This is why I use my Starwood card. The best deal I've seen so far has been transferring StarPoints to US Air in the summer, during their 50% bonus period, where 60,000 StarPoints turn into 112,500 US Air miles. For example, a business class seat to Europe on Star Alliance (via US Air) is only 100,000 miles (and can otherwise cost more than $3,000). 

If you travel domestically often, then I can see the Cap Venture card being quite beneficial, esp since it almost guarantees a minimum 2% return.
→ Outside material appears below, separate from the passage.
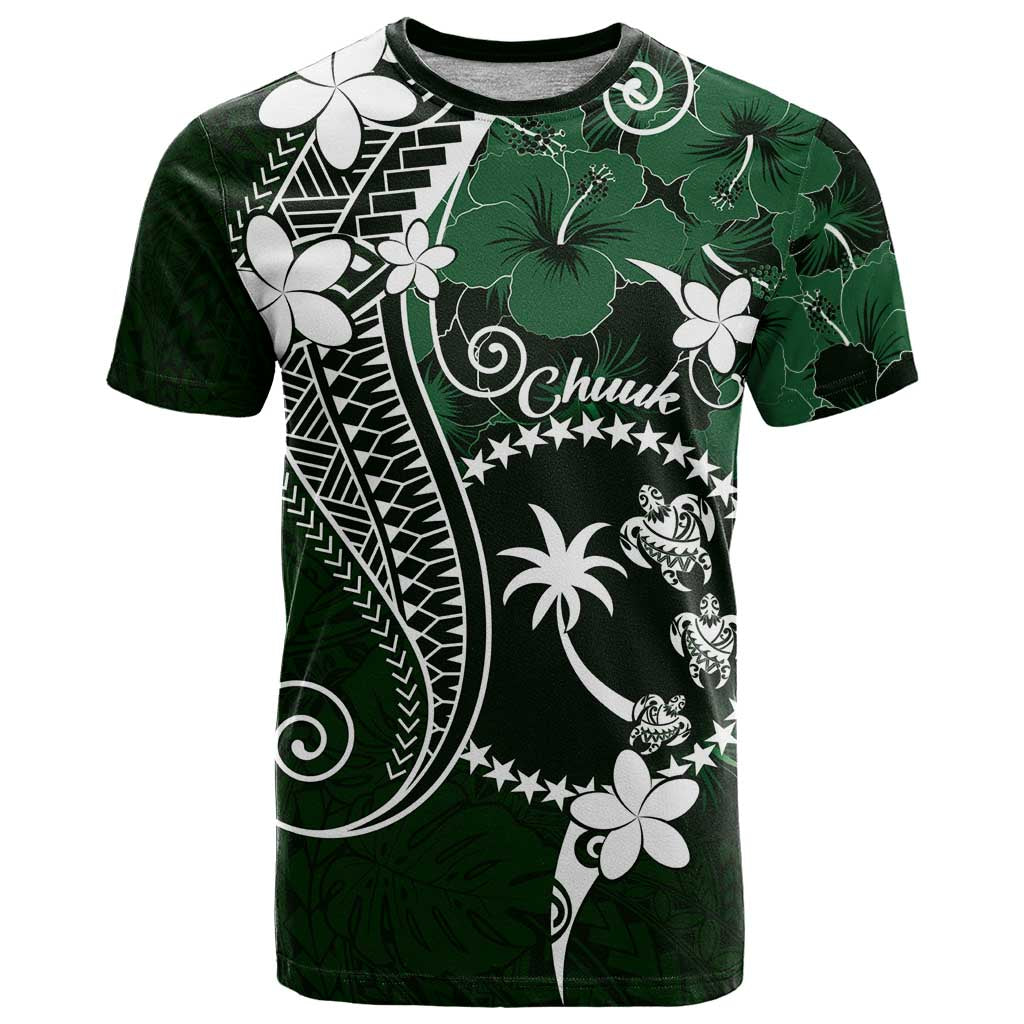 FSM Chuuk T Shirt Turtle Tropical Flowers Polynesian - Green LT14 Green - Polynesian Pride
For myself, I typically get more than 2% with StarPoints for hotel stays, so I'd rather earn the points there...


----------



## Bizzyb (Aug 17, 2010)

Carolinian said:


> Cap One is unique in absorbing the 1% network fee.  Most big banks not only pass that on, but add another 2% for themselves although they actually do nothing more in the transaction than the network has already done.  Some smaller banks and most credit unions only charge the 1% network fee.
> 
> This has been a major marketing tool for Cap One, so I suspect they will be disinclined to change it.
> 
> If you have a major bank ATM card, watch out, as you will get popped for the 1% plus 2%, total 3% junk fees on that as well.  Cap One has an internet bank where you can get an ATM card and avoid those fees.  Also, the credit union cards usually only charge the network fee of 1%.



In the past I have used my major bank ATM card and just ate the 3% fees. :annoyed: But this time I'm going to open an account with Cap One and use their ATM card for ATM cash withdrawels and get the Cap One credit card  to use for larger purchases.


----------